Out in the wash
In the fight against organised crime and terrorist financing, money laundering has changed significantly since the Proceeds of Crime Act 2002 came into force as the UK’s primary anti-money laundering (AML) legislation. As part of the continuous evolution of AML, new money laundering regulations came into effect last June, which implement the EU’s Fourth Money Laundering Directive (4MLD) and replaced the Money Laundering Regulations 2007.
As a result of new duties imposed by these regulations, trustees of occupational pension schemes are required to maintain accurate, up-to-date records in writing of all the ‘beneficial owners’ of the trust. There are a variety of circumstances where they may have to disclose this information: upon request when entering into a transaction or a business relationship with third parties that are required to perform anti-money laundering checks, or where required by a UK law enforcement authority such as the National Crime Agency or the Serious Fraud Office.

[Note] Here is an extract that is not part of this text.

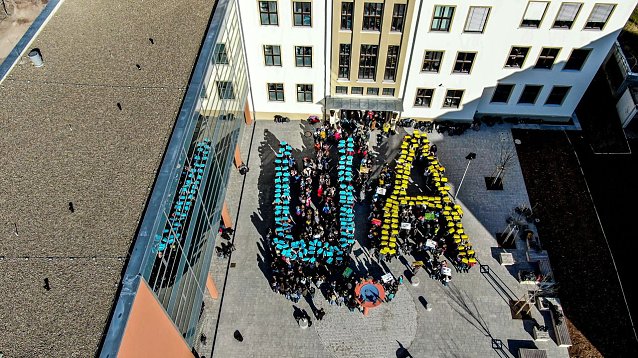 Bild: No War - Humboldtianer setzten Zeichen f&uuml;r den Frieden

There is a further obligation introduced by the regulations on trustees in relation to pension schemes that are ‘taxable relevant trusts’. In general terms, these are schemes that invest directly in real property or in shares and incur liability for various taxes, including income tax, capital gains tax and stamp duty land tax. Affected trusts have to register with HMRC and are required to supply information for inclusion in its new trust register.
How far the duties placed on trustees would extend remained unclear until guidance (in the form of FAQs) was published by HMRC in November 2017. In updating earlier guidance, the FAQs offer some good news in that they appear to confirm that for schemes that have more than 10 beneficiaries (members), trustees are only required to maintain individual records of beneficiaries, and not those of potential beneficiaries such as a member’s spouse, until such time as they stand to benefit from the trust. Furthermore, when they provide beneficial ownership information to HMRC (just like the current obligation when transacting with third parties), trustees only have to identify the class of beneficiaries as opposed to providing the details of individual beneficiaries.
In view of the possible penalties that are attached to non-compliance (a hefty fine and potentially up to two years’ imprisonment), trustees should make themselves familiar with all aspects of the new record-keeping requirements. In addition, they must ensure that member information is kept up to date and complete in so far as it is possible and practicable to do so. Where necessary, they should approach their investment advisers for guidance in order to identify whether a particular scheme would be treated as a ‘taxable relevant trust’. Should this be the case, they will then be subject to registration and reporting requirements imposed by HMRC – either now or at some point in the future.
Although the new requirements appear to be proportionate in response to the legitimate objectives of disrupting money laundering and terrorist financing, trustees are unlikely to have heard the last word on the subject when it comes to new regulations: EU processes for the Fifth Money Laundering Directive (5MLD) are already underway. This seems set to break fresh ground. For the first time in UK law, where a ‘legitimate interest’ test is met, there will be a requirement on HMRC to release into the public domain the relevant information on the beneficial ownership of trusts. Just how 5MLD will apply to occupational pension schemes remains unknown, but there is presently no exemption for such schemes. Almost certainly, this will be transposed into UK law as part of any forthcoming post Brexit transitional arrangement.